Clement Matawu

Personal information
- Full name: Clemence Matawu
- Date of birth: 29 November 1982 (age 43)
- Place of birth: Bindura, Zimbabwe
- Height: 1.77 m (5 ft 9+1⁄2 in)
- Position: Midfielder

Senior career*
- Years: Team / Apps / (Gls)
- 2001–2013: Motor Action
- 2009–2010: → Podbeskidzie (loan) / 39 / (5)
- 2010–2011: → Polonia Bytom (loan) / 8 / (1)
- 2013–2019: Chicken Inn

International career
- 2003–2010: Zimbabwe / 29 / (1)

= Clement Matawu =

Zimbabwean footballer (born 1982)

Clemence Matawu (born 29 November 1982 in Bindura) is a Zimbabwean former professional footballer who played as a midfielder.

== Club ==
Matawu started his career with Motor Action of Harare.
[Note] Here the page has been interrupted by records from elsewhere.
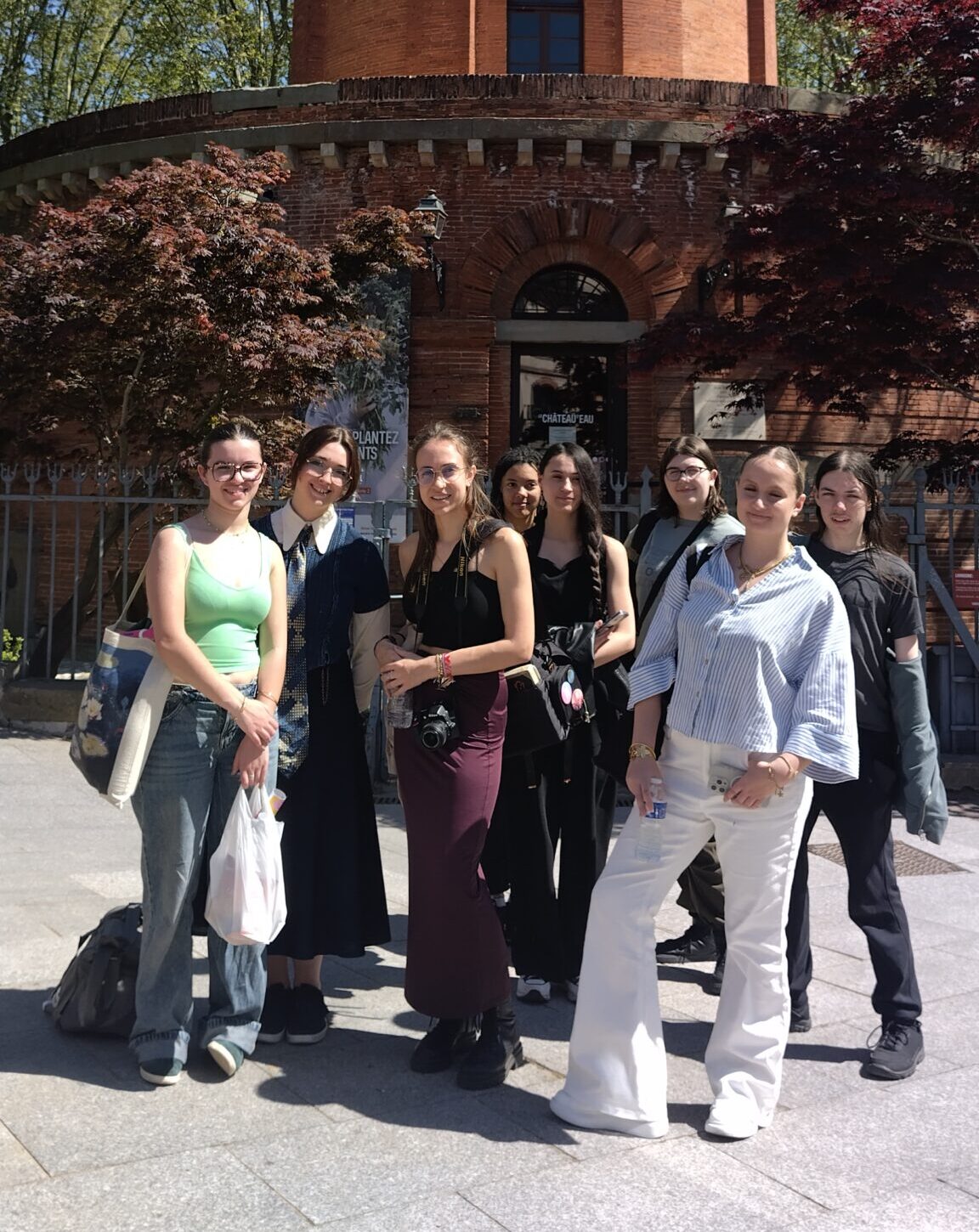 Spés Arts Plastiques Toulouse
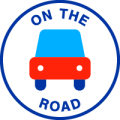 On The Road icon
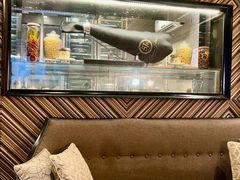 -深圳四季酒店·馥自助餐厅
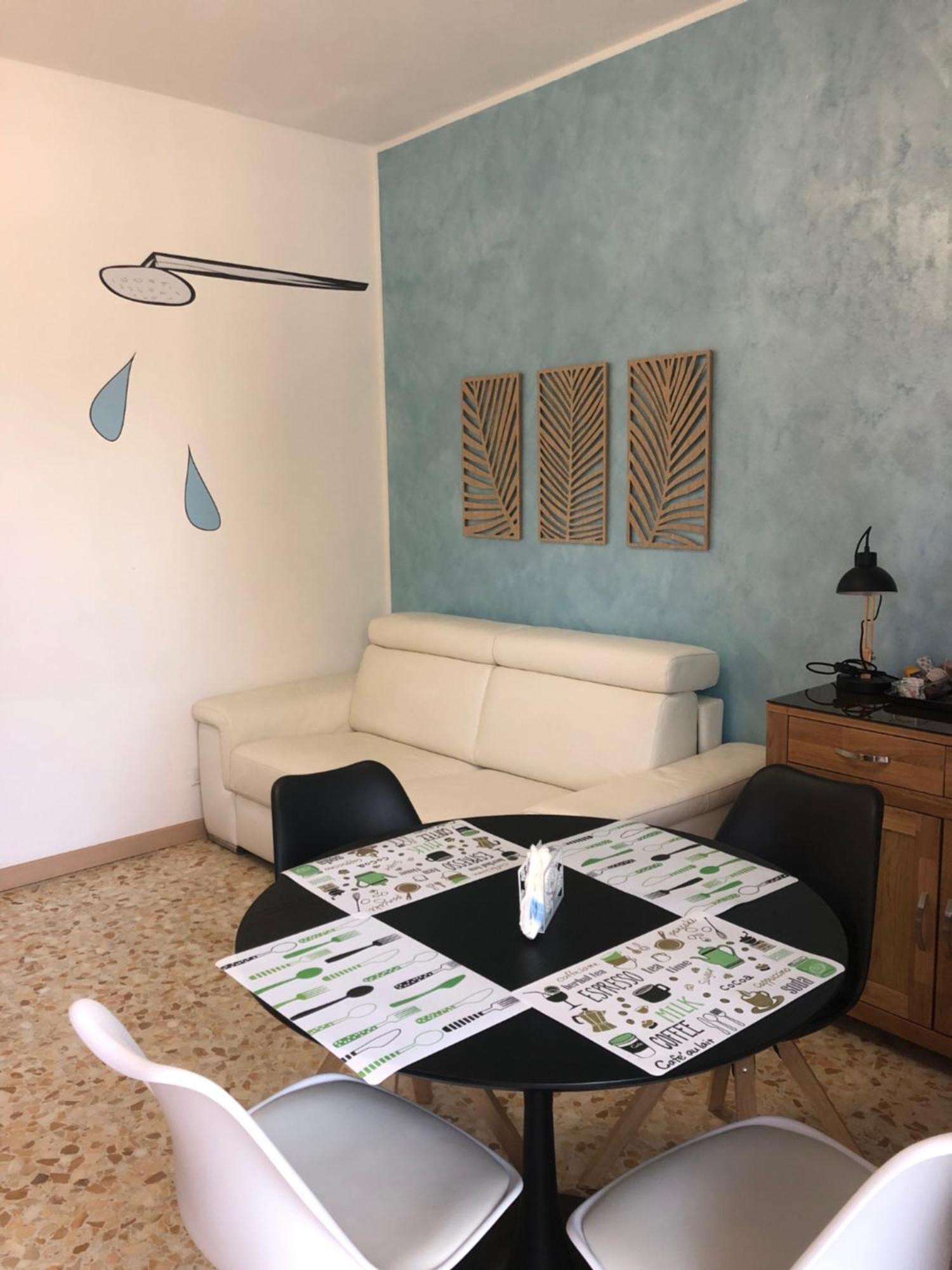 Eliton Apartment Alghero Exterior photo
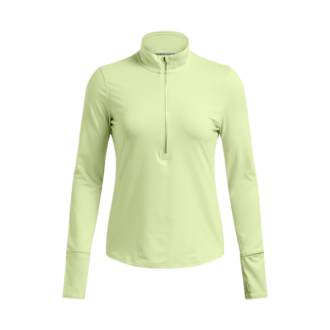 Under Armour Workout Clothing Women's Green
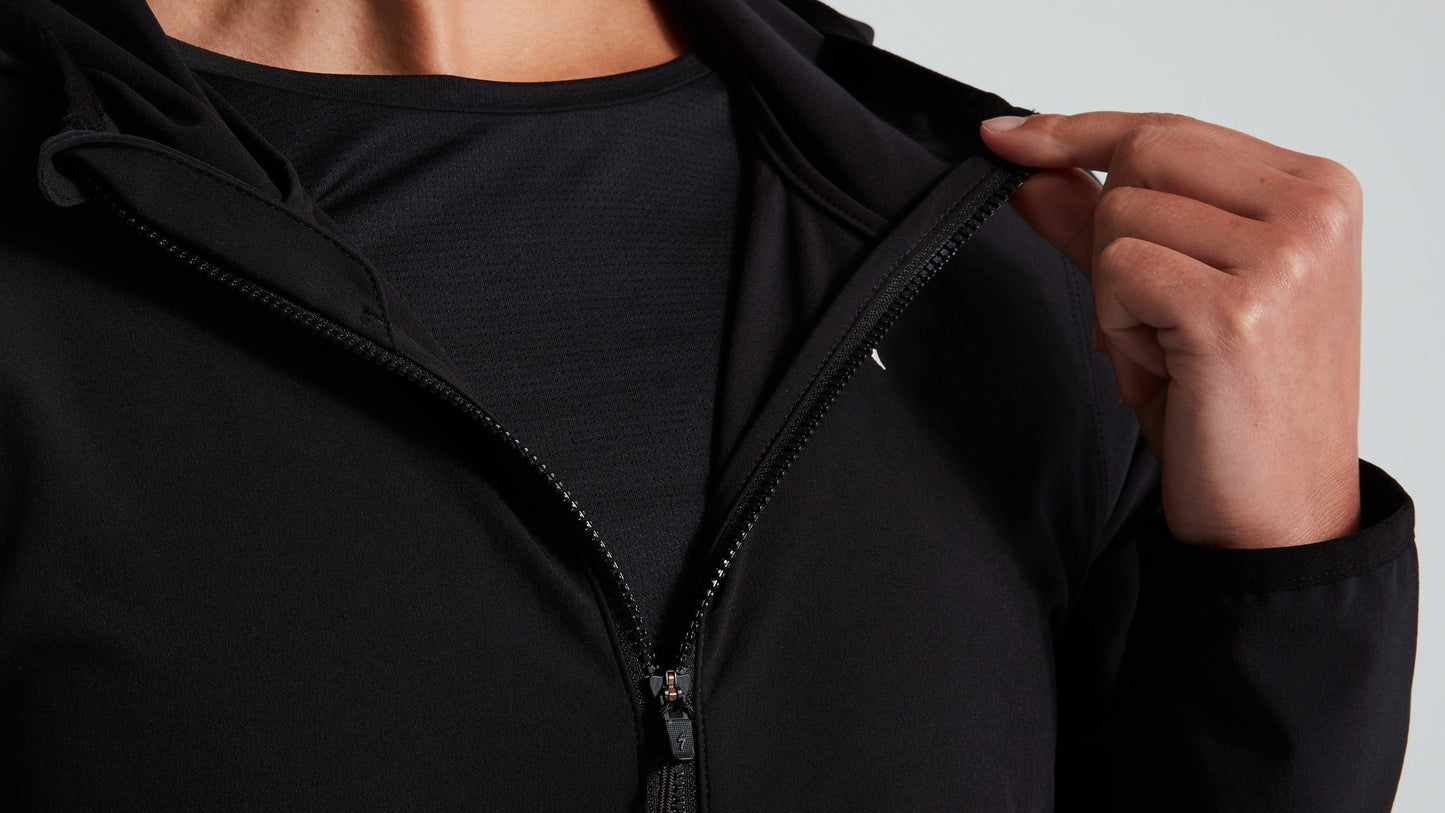 Specialized Legacy Wind Jacket Women's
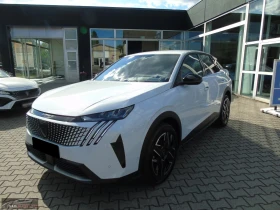 Peugeot 3008 1.2MHEV/145HP/ALLURE/FACE-LIFT/360/NAVI/CPLAY/295q, снимка 1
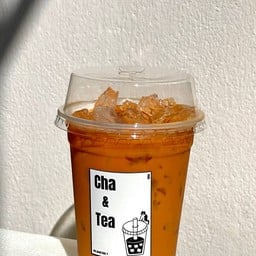 ชา แอนด์ ที สุทธิสาร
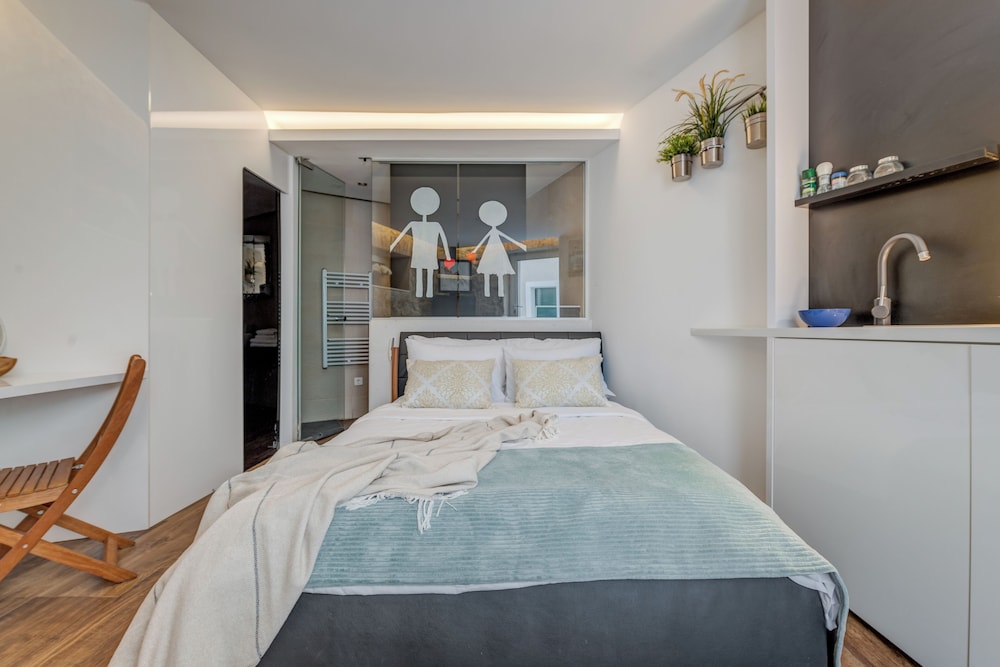 Versi & Note Luxury Rooms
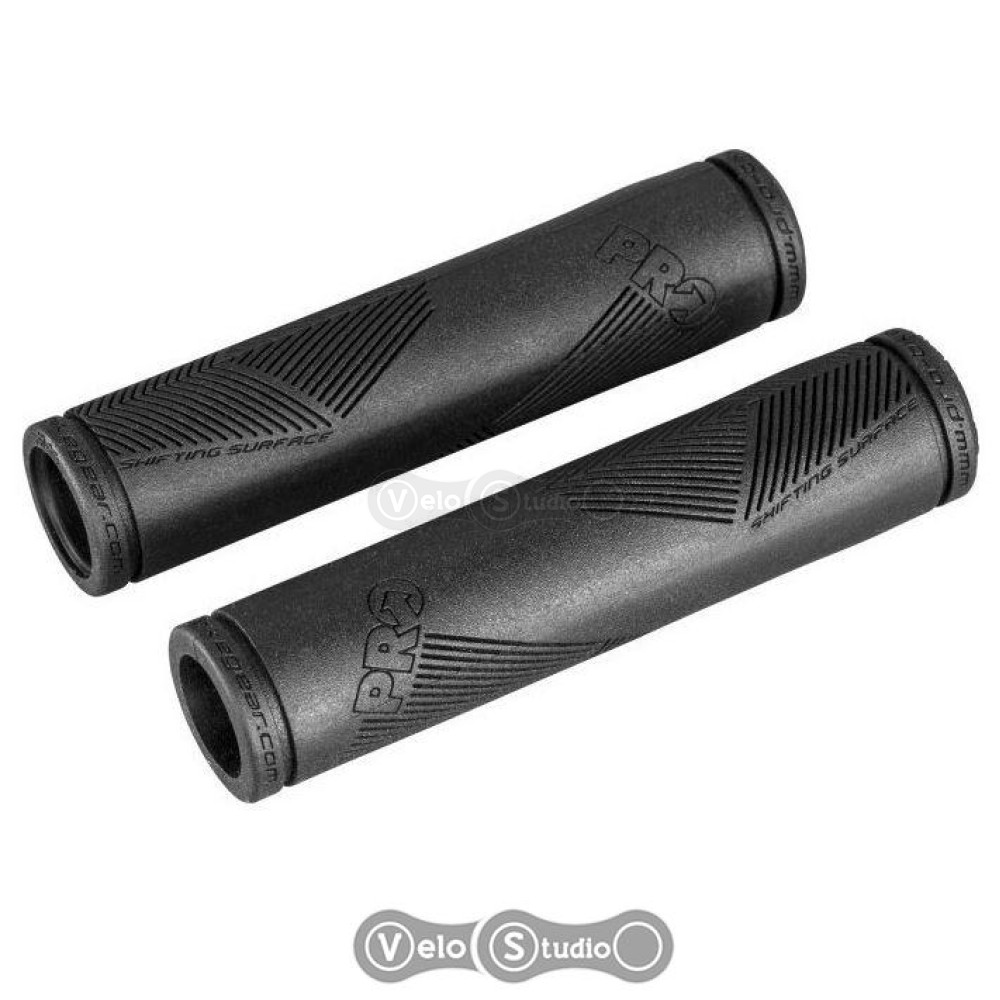 Грипсы PRO Slide on Sport черные 32мм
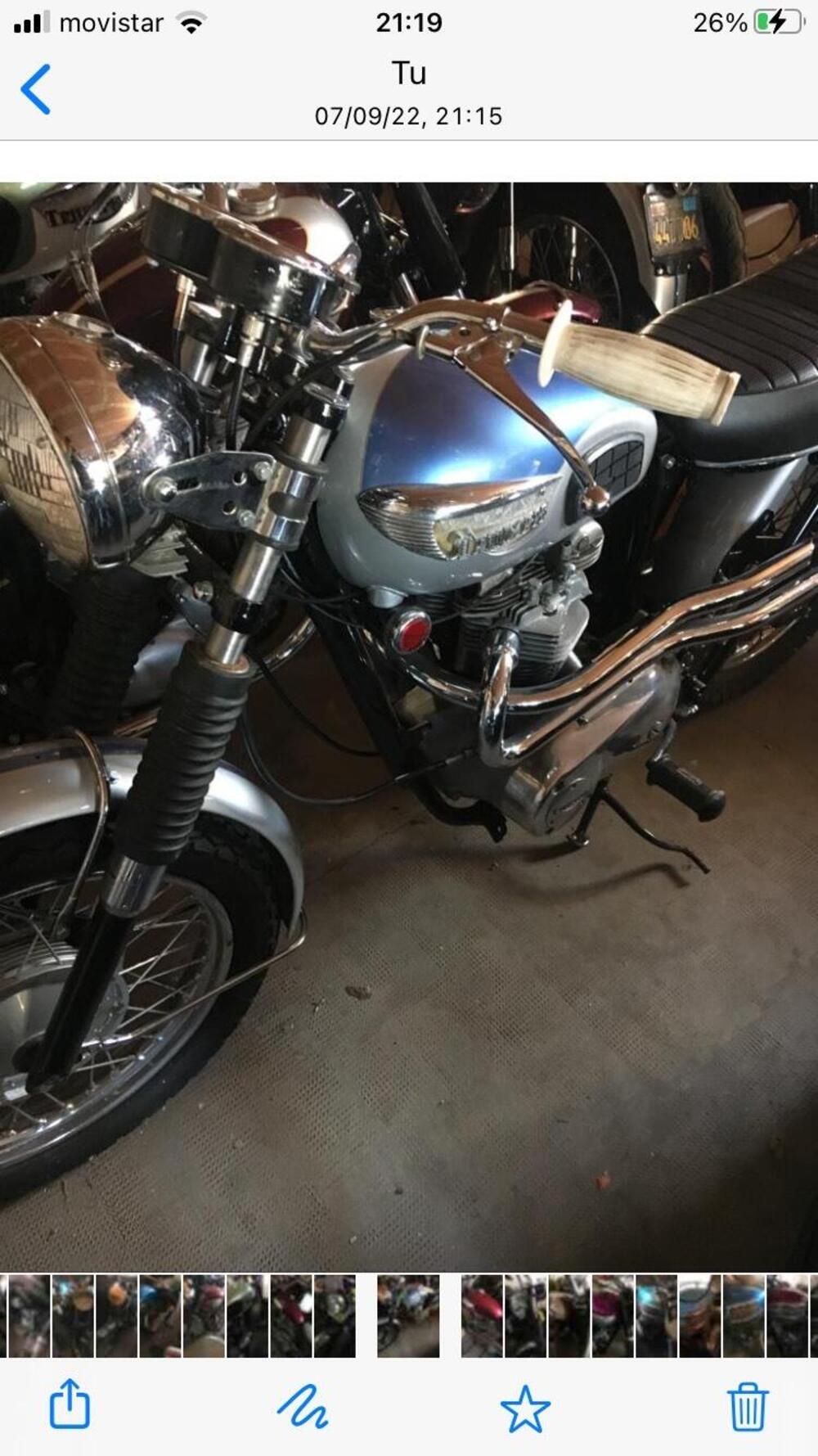 Triumph Bonneville T120 (16)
In early 2009, he joined Polish club Podbeskidzie Bielsko-Biała for a loan spell lasting until mid-2010. He established himself in the starting line-up and made a total of 40 appearances across all competitions, before joining Ekstraklasa club Polonia Bytom in the summer of 2010. After a year with the Silesian club, Clement was released and returned to Motor Action.

== International ==
Matawu had a colorful international career, making 29 appearances and scoring once for the Zimbabwe national team.

== Education ==
While playing for Chicken Inn, Matawu attained a Bachelor of Science Honors Degree in Sport Science and Coaching from NUST.